I had freed myself from the grips of government, religion, and parents. The only chains left to throw off were those on my sexuality—particularly the chains of monogamy.

The first authority I came to see as illegitimate was government, shortly after discovering Ron Paul in 2008. I stumbled upon his campaign like a rabbit hole that led me to question all of society’s rules. Soon after, I started to question my religion—Christianity. How much of it had been made up, twisted, and contrived—in collusion with the government—to support the powers that be?

Along with the fear of God, I cast off any respect for parental authority I once had. Since the punitive, authoritarian man in the clouds was no longer real to me, who was to say children should obey their parents? I educated myself about peaceful parenting and became determined to treat my daughter as a free, autonomous person with inalienable rights, not as my property.

She and her partner Brad decide to spice up their marriage by going full polyamorous:

We’re actually looking forward to the rest of our lives together now. When we were monogamous, our future seemed pretty mapped out: have a baby, get a better job, buy a house, get a promotion, buy a better car, start our own business, buy a better house, make more money, go on vacation, make more money, buy an even better house… grow old in it together.

Since we’ve discovered polyamory, we don’t care about new houses or new cars or vacations. What really makes us tick is the idea of falling in love, over and over and over again. Now, we have the best of both worlds: the security of a steady, stable partner, to have and to hold, and the sense of adventure and excitement at the thought of the unknown, the possibility of new romance around every corner, the butterflies in our stomachs we never thought we’d get the chance to feel again.

We’ve gotten a lot of warnings and admonitions from well-intentioned friends and family members that we’re going to destroy our relationship and hurt our daughter, but we feel exactly the opposite. For us, this is the perfect opportunity to save our relationship, spare our daughter from the heartbreak of a broken family, and give her the blessing of happy parents and extended family. Wish us luck!

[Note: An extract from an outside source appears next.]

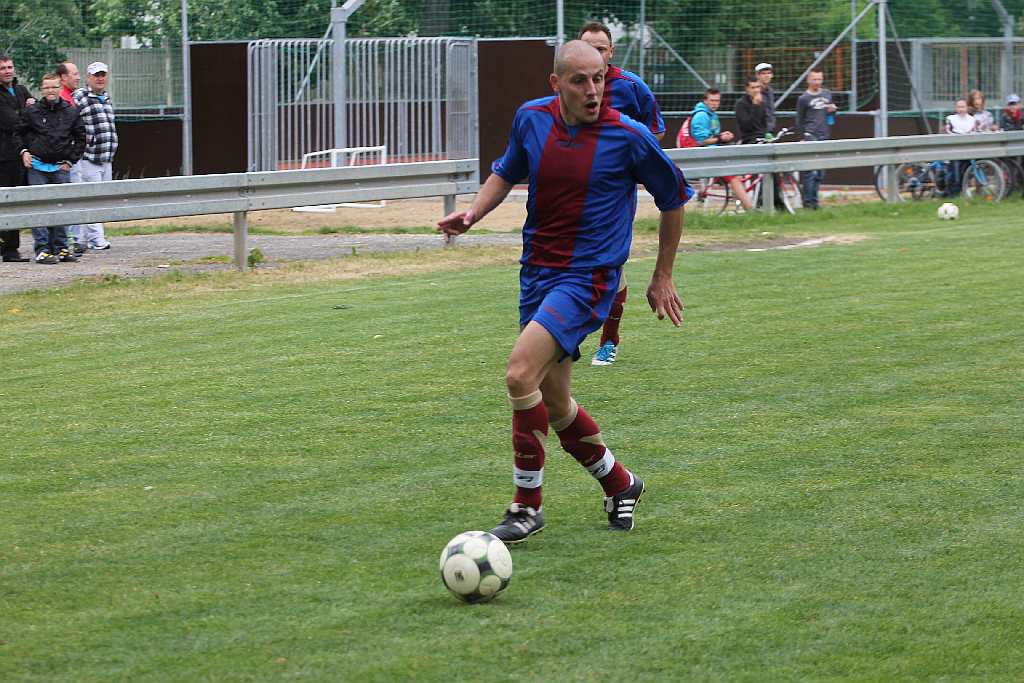 KS Legnickie Pole - Iskra II 10:2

What could possibly go wrong?

Once the Self is enthroned as sovereign, the logic is inexorable. She talks about how she has been liberated from the slavery of marriage, but in fact she is a slave to her passions.

Our fuel is running out. Brad and I have tried all the tricks. We’ve fanned the flames. We need more logs—new energy, a fresh perspective. It doesn’t mean we don’t love each other, or that we are done with each other. It just means we need something new.

“Need.” She wants to be a perpetual teenager, where the world is ever-new. She goes on to talk about how destroying the (common-law) marital bond will actually save their relationship, or so they figure. And if you read the essay, it’s transparently a Randian self-justification of a woman who really and truly wants to get laid by as many guys as she can manage. What makes this something more than a Jerry Springer Show episode is that Burrows’s core conviction — that marriage is something entirely about accommodating the desiring individual Self — is also at the core of our fast-evolving understanding of marriage (and not just same-sex marriage, but marriage in the age of no-fault divorce). Burrows is an outlier, certainly, but the radical “freedom” she embraces is logically consistent. That is, she follows a concept of liberty that many contemporary Americans actually believe in, to its end.

I read this while eavesdropping on a Siena seminar discussion of the Francesca episode of Dante’s Inferno. They’re sitting around the table talking about how Francesca rationalized her lust, and committed an act that destroyed their family. There are no victimless crimes, there are no sins that we own ourselves. As the utopian libertarian Sara Burrows will eventually learn — as will her child.